The suit seeks to represent each of the students who paid fees during the period, and seeks damages in an amount to be determined at trial.

Beginning in 2013, the three students, in accordance with their student government and council officer positions, began asking questions and requesting financial documents to determine how the student fees were being spent.

“Despite numerous repeated requests by Canning, Carino, and/or Aranug for an audit, budget, financial and fiscal documents, and/or an accounting of income and expenses relating to the mandatory student fees, Defendant, through its employees, representatives, and/or agents, failed, neglected, and/or refused to comply,” the complaint states.
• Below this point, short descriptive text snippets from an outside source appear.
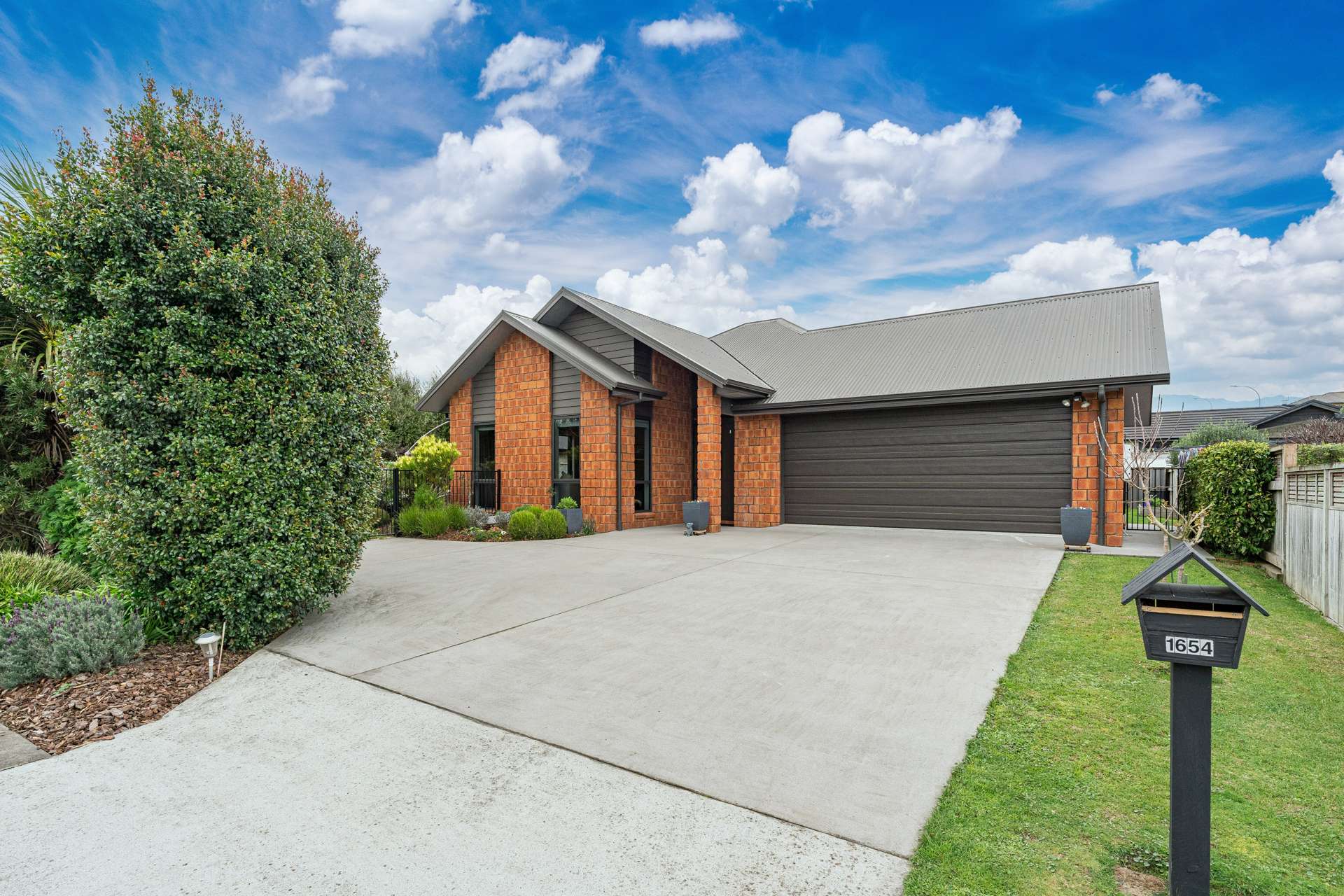 1654 Te Rahu Road Te Awamutu_0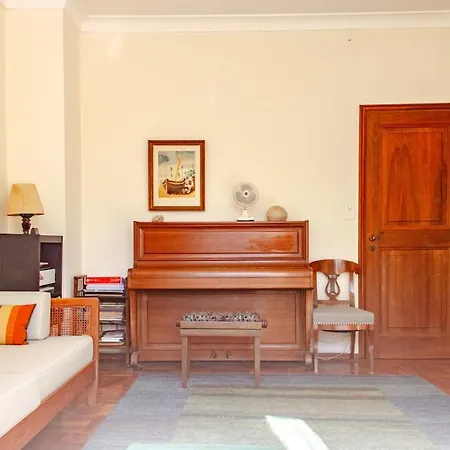 Dei Muralti- 2 Free Parkings Vila *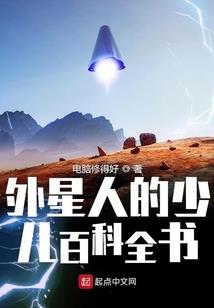 有生之年，遇见你，真好
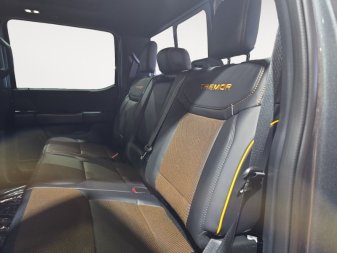 2026 Ford F-150 Tremor  - BlueCruise - Sunroof - Image 12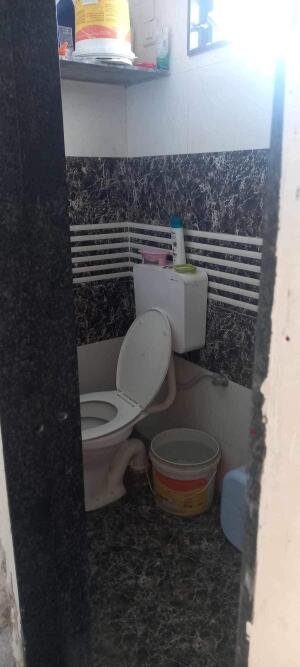Karnavati Nagar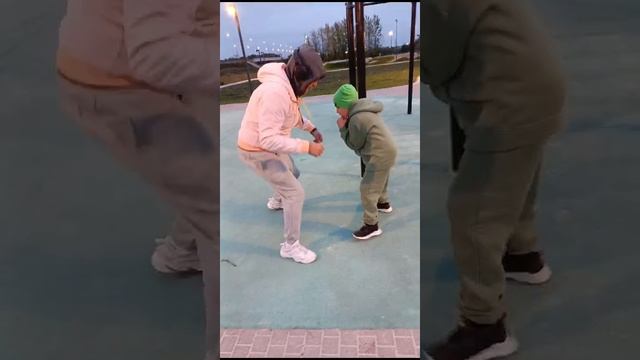 1000011929.mp4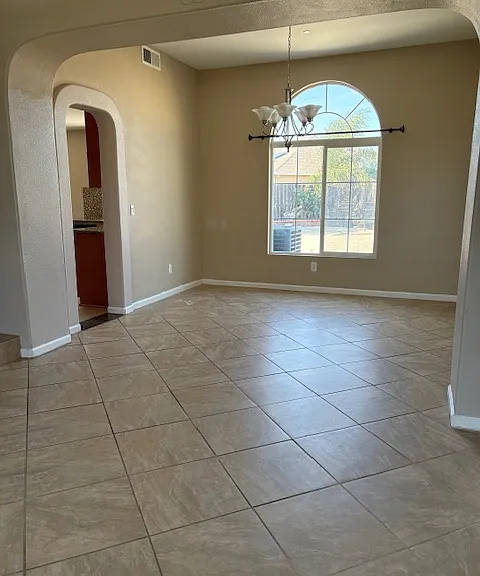29424 W Camino Ct — Photo 11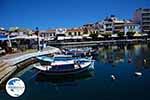 Agios Nikolaos Crete - Lassithi Prefecture - Photo 48 - Photo GreeceGuide.co.uk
The suit also alleges that when the students attempted to address the student fees questions in student government or council meetings, college employees “publicly chastised, ridiculed, and/or humiliated them with false and misleading accusations.”

University of Hawaii spokesman Dan Meisenzahl said Thursday that UH had not yet received the lawsuit, and therefore could not comment on the allegations. He added that “normally, in matters of ongoing litigation, we will hold off from commenting until the procedure works itself out.”

A similar complaint filed by the same students in October 2014 with the U.S. District Court was dismissed Wednesday. The case was dismissed “without prejudice,” meaning it can be re-filed in the future.

The plaintiffs opted to pursue the case during the past year in the U.S. District Court in an attempt to make a Qui tam claim, Hsieh said. Qui tam lawsuits allow for whistleblowers who file lawsuits against people or companies who defraud the government to receive rewards of up to 35 percent of the funds recovered.


“We dismissed (the federal suit) because the only basis we had to go to federal court was to pursue the Qui tam claim,” he said. “But because of certain technicalities, we could not assert the Qui tam under the circumstances of this case because it involves a state agency, and Qui tam complaints don’t apply to state agencies. When we dismissed that count, it basically eliminated the only basis upon which a lawsuit could be brought in the federal court system.”